Er zijn zeven ‘neerslaggebieden’;
1. Natte equatoriale gordel (mE) – convectieneerslag
2. Passaatwind kustgebied (mT) – orografische neerslag door heuvels en bergen
3. Tropische woestijnen (cT) – stationair subtropisch hogedrukgebied
4. Woestijnen en steppes van gematigde breedte – ver van oceaanlucht, droge luchtmassa’s
5. Vochtige subtropische regio’s (mT) – westkant van subtropische hogedrukgebieden,
cyclonische - en convectieneerslag.
6. Westkust op gematigde breedte (mP) – overheersende westenwind, koele en vochtige
luchtmassa’s brengen orografische neerslag.
7. Arctische en poolwoestijnen (cP en cA) – koude luchtmassa’s, weinig vocht, weinig neerslag.
Maandelijkse patronen van neerslag, meestal in drie types; gelijk verdeeld, zomer maximum (meeste
neerslag in de zomer, hoge zon) en winter maximum (meeste neerslag in de winter, lage zon).
p.229 Klimaat classificatiesystemen
Klimatologie is de studie waarin het klimaat wordt geanalyseerd, de variaties in tijd en plaats op de
wereld.

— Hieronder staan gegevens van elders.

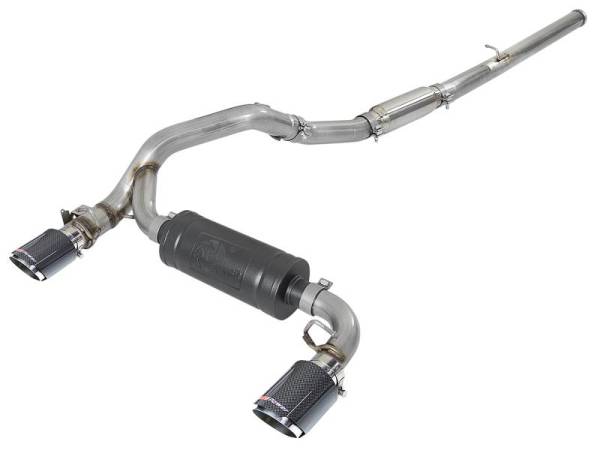 aFe - aFe Takeda 3in 304 SS Cat-Back Exhaust System w/ Carbon Fiber Tips 16-18 Ford Focus RS I4-2.3L (t) - 49-33103-C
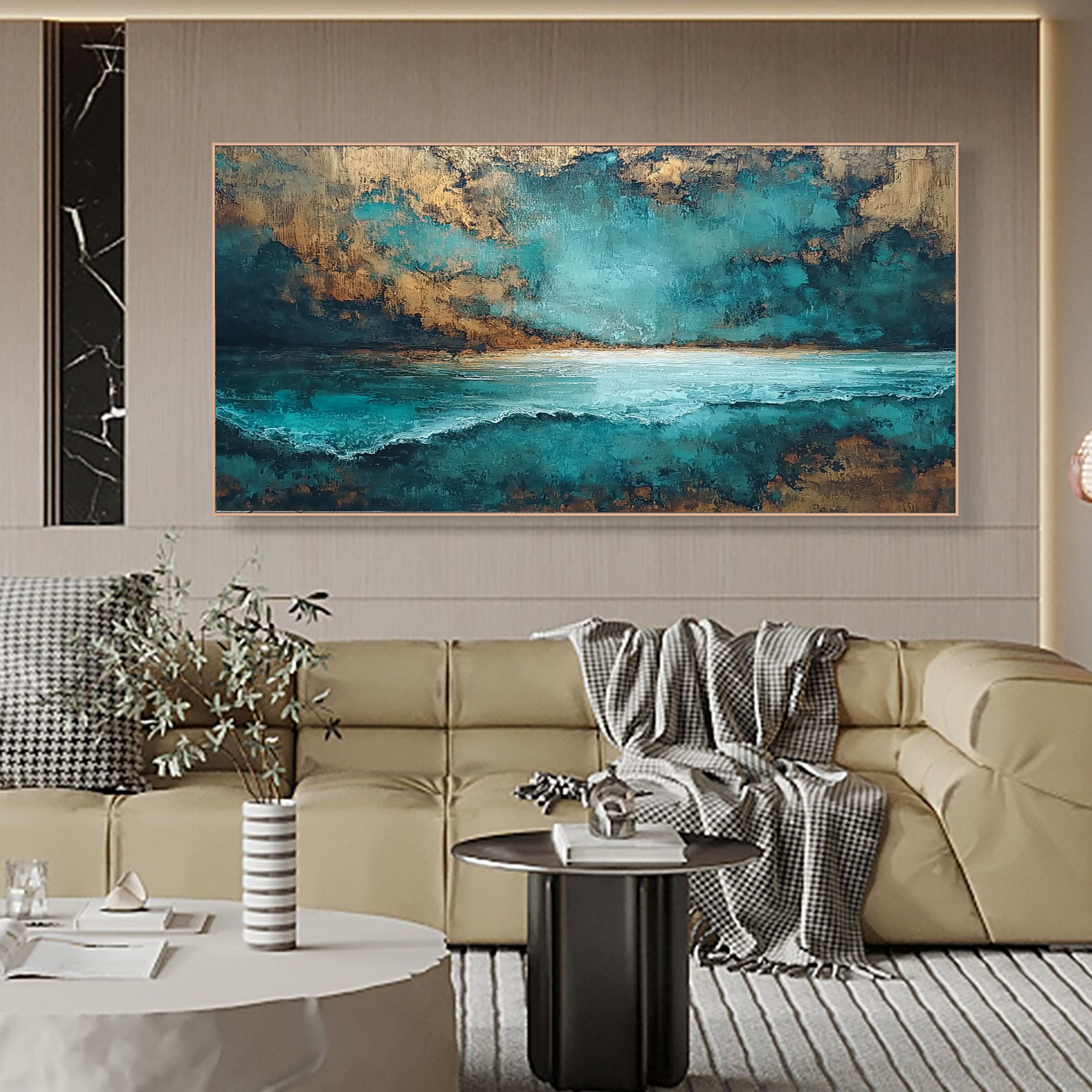 Textured Coastal Abstract | Teal Gold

Ze bestuderen het verleden om de toekomst te kunnen voorspellen.
Voor dit tentamen kijken we verder naar het klimaat classificatiesysteem van Vladimir Köppen.
Primair ontwikkeld om de variatie van wereldwijde vegetatie in kaart te brengen. Het is een systeem
met letters om klimaten te ‘labelen’ op gemiddelde jaarlijkse neerslag en temperatuur.